Das zweite Land, welches prägend für die Gründung des VDID wurde, war Großbritannien. Die sieben Gründer des VDID wählten für ihren Verband nicht zufällig das Wort „Design“. Statt den damals üblicheren Begriffen wie „Formgebung“ oder „Gestaltung“ orientierten sie sich bewusst an Entwicklungen im angelsächsischen Sprachraum. Als Grundlage für die eigene Designdefinition wählte der VDID die Präzisierung von Paul Reilly (1912-1990) – langjähriger Mitarbeiter und Direktor des Council of Industrial Design in London – und nicht etwa den Alternativvorschlag eines Designverständnisses in Anlehnung an den US-Amerikaner Harold van Doren (1895-1957). Ausschlaggebend war auch, dass der weltweite Dachverband der Industriedesigner ICSID sich ebenfalls auf diese Definition von Industriedesign geeinigt hatte.

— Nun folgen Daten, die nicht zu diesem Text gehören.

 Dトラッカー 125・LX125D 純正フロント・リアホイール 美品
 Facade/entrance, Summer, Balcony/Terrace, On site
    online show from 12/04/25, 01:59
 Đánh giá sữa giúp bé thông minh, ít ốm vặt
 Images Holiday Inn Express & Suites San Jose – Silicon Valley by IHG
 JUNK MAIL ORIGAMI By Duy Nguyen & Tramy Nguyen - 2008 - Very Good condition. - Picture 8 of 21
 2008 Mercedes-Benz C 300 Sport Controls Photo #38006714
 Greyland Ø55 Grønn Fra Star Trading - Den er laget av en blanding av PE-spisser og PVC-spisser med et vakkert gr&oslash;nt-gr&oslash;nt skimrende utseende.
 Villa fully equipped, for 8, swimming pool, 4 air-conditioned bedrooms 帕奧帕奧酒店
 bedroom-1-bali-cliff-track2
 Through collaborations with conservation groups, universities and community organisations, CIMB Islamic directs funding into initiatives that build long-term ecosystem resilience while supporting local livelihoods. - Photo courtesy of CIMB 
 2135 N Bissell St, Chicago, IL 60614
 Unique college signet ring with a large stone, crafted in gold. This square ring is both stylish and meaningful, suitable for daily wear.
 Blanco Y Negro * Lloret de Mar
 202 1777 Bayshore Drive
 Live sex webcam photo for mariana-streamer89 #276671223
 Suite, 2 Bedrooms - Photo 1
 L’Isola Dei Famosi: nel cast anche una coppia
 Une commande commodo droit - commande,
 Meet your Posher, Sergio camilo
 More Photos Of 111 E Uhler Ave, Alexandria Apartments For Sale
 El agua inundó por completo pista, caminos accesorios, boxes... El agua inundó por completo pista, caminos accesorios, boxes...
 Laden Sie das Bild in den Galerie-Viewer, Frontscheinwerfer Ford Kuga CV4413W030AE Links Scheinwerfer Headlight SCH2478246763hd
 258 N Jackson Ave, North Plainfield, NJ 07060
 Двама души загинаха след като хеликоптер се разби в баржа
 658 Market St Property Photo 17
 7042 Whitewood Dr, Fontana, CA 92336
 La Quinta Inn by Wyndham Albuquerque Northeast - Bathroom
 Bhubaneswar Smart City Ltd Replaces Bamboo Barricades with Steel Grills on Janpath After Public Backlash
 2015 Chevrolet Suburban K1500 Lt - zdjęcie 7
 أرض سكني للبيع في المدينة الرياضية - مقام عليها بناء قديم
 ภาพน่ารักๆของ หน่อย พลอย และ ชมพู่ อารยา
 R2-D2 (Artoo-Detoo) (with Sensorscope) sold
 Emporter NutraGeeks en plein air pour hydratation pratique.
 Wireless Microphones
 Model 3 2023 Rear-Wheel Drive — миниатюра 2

An diesem Beispiel Großbritannien wurde jüngst gezeigt, wie Designgeschichte und Digital Humanities konstruktiv zusammengebracht werden können. In ihrem Beitrag „Exploring the Disciplinary Reach and Geographic Spread of the British Design Professions 1959-2010“ zum Digital Humanities Congress von 2012 untersucht nämlich Leah Armstrong zusammen mit ihren Kolleg_innen die Entwicklung der britischen Designer seit Ende der 1950er Jahre. Mit Hilfe von computer-analytischen Werkzeugen bearbeiteten sie Verbandsprotokolle, Mitgliederkarten und Publikationen auf und zeigen dadurch in ihrem Beitrag, wie die geographische und zeitliche Verteilung der CSD-Mitglieder war. Besonders interessant ist dabei, dass die Chartered Society of Designers als Nachfolgerin der Society of Industrial Artists and Designers (SIAD) alle Formen von Designerberufen in sich vereinte. Im Gegensatz zu den bundesdeutschen Berufsverbänden sind daher alle Gestalterprofessionen in einem britischen Dachverband vereint und nicht wie beispielsweise beim VDID, BDG oder VDMD in separaten Verbänden. Armstrong et al. zeigt zusätzlich über ein „Heat Map Visualisation“-Werkzeug, wie sich die CSD-Mitglieder zeitlich und geographisch über Großbritannien verteilten.
Wenig überraschend bildet hierbei der Großraum von London das Zentrum. Würde man ein solches Projekt beispielsweise für den VDID durchführen, so wäre ein solches Zentrum – wie oben – angedeutet in der Frühphase aller Wahrscheinlichkeit nach Stuttgart.1) Informationen für die Mitglieder des Verbandes DID, Nr. 1. vom November 1959, S. 1.